Your instructions →
Please write out the full listing beneath this line exactly, skipping its images.

Recorded data →
------
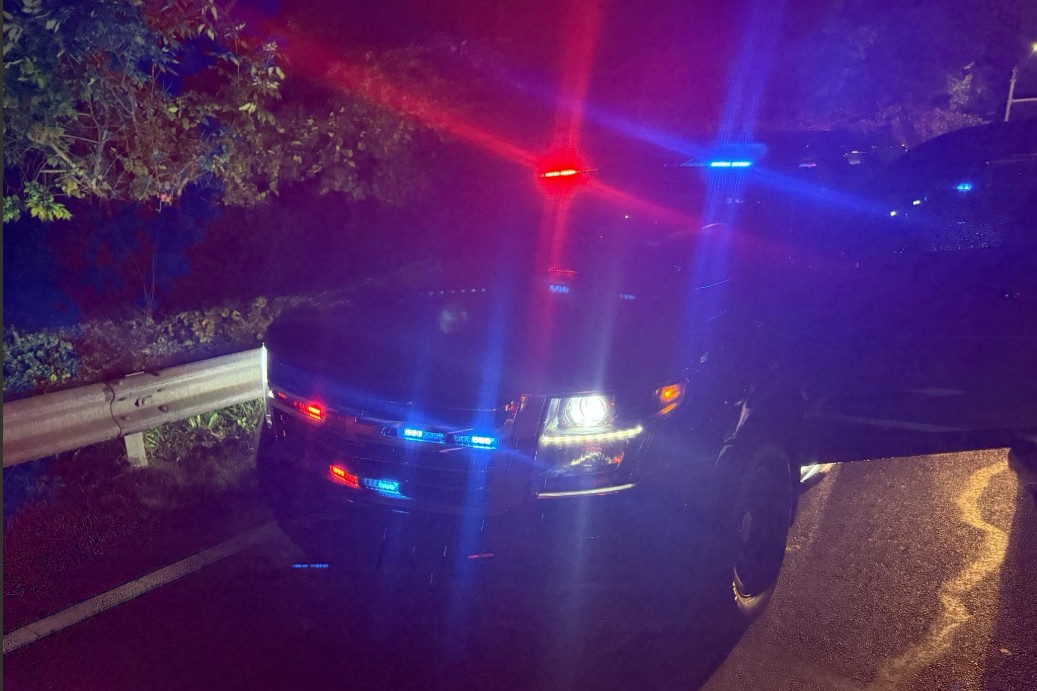 PGPDNews's tweet photo. Prince George's County Police officers arrested and charged a suspect in connection with impersonating a police officer. The suspect is 33-year-old Jonathan Michael Davis of Beltsville. READ MORE: https://t.co/iqf1F7RShR https://t.co/GHzJyJoe9O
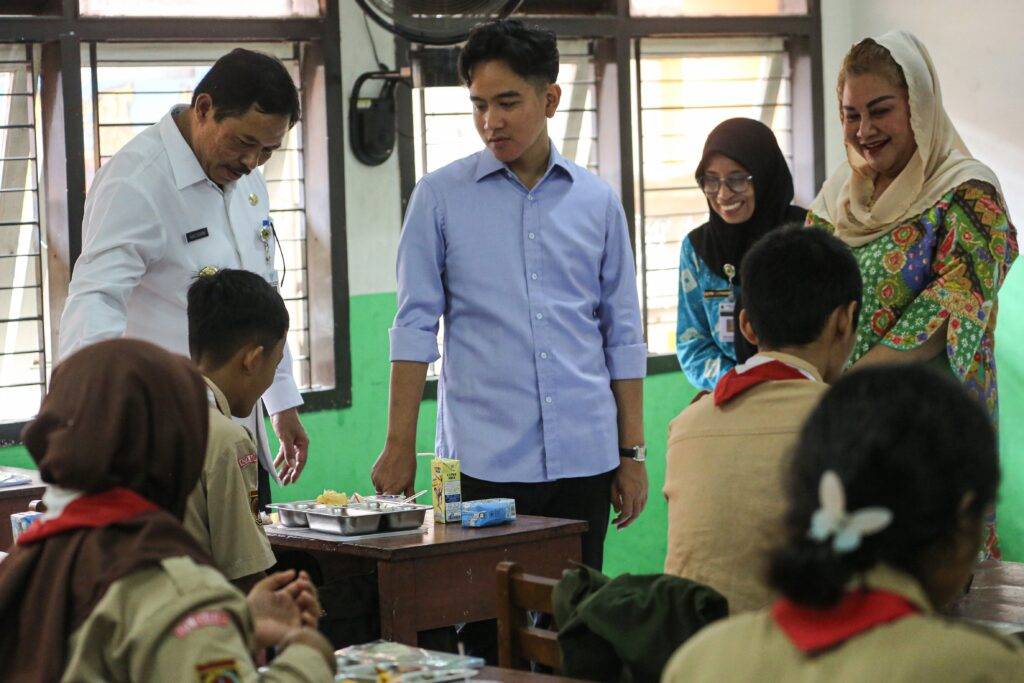 Wakil Presiden Gibran Rakabuming Raka (tengah) didampingi Pj Gubernur Jawa Tengah Nana Sudjana (kiri), dan Wali Kota Semarang Hevearita Gunaryanti Rahayu (kanan) meninjau pelaksanaan uji coba Program Makan Bergizi Gratis di SMK Negeri 7 Semarang, Jawa Tengah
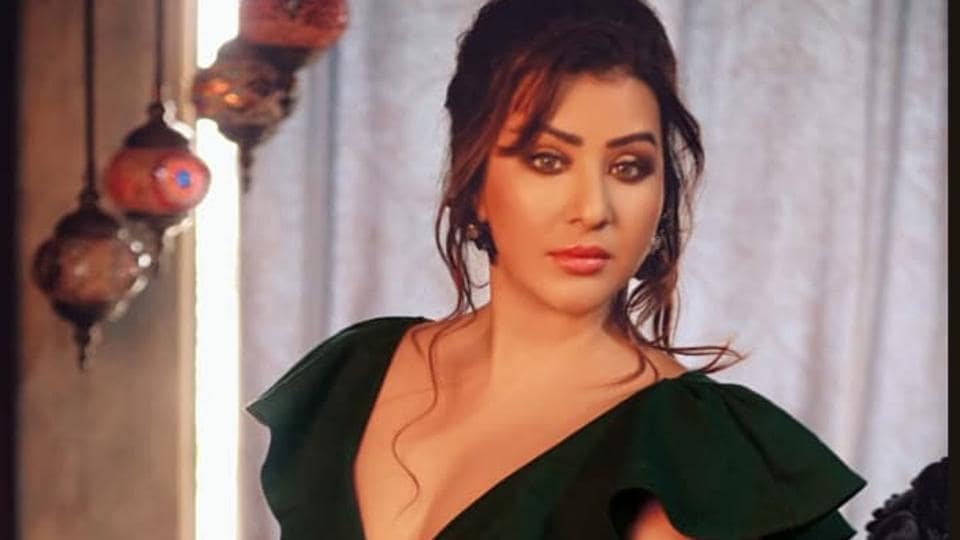 Shilpa Shinde says she is not following Bigg Boss 14, warns Twitter impersonators of legal action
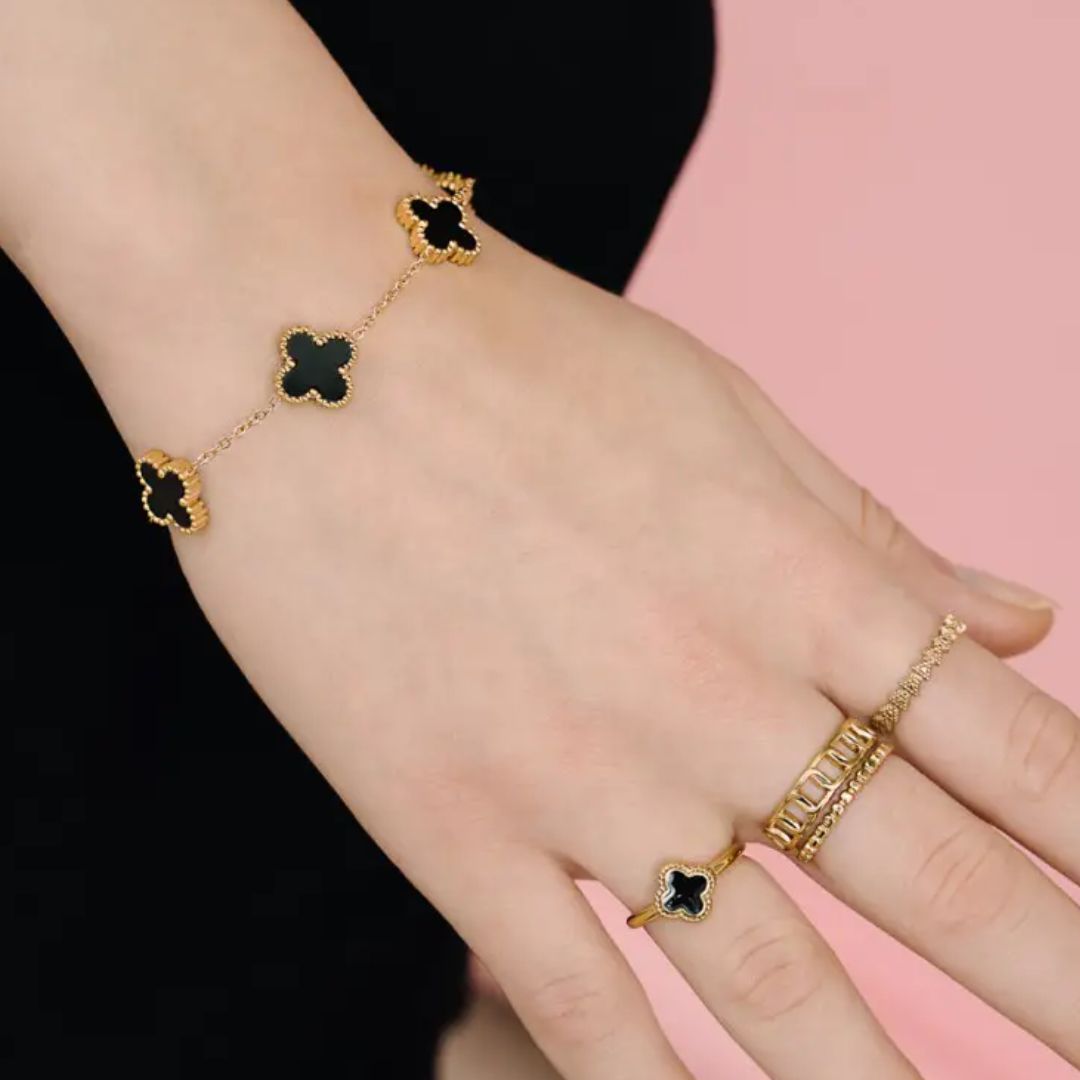 Zwarte Armband met Klaver Charme Stijlvol en Elegaat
------
Solution for this exercise →
 PGPDNews's tweet photo. Prince George's County Police officers arrested and charged a suspect in connection with impersonating a police officer. The suspect is 33-year-old Jonathan Michael Davis of Beltsville. READ MORE: https://t.co/iqf1F7RShR https://t.co/GHzJyJoe9O
 Wakil Presiden Gibran Rakabuming Raka (tengah) didampingi Pj Gubernur Jawa Tengah Nana Sudjana (kiri), dan Wali Kota Semarang Hevearita Gunaryanti Rahayu (kanan) meninjau pelaksanaan uji coba Program Makan Bergizi Gratis di SMK Negeri 7 Semarang, Jawa Tengah
 Shilpa Shinde says she is not following Bigg Boss 14, warns Twitter impersonators of legal action
 Zwarte Armband met Klaver Charme Stijlvol en Elegaat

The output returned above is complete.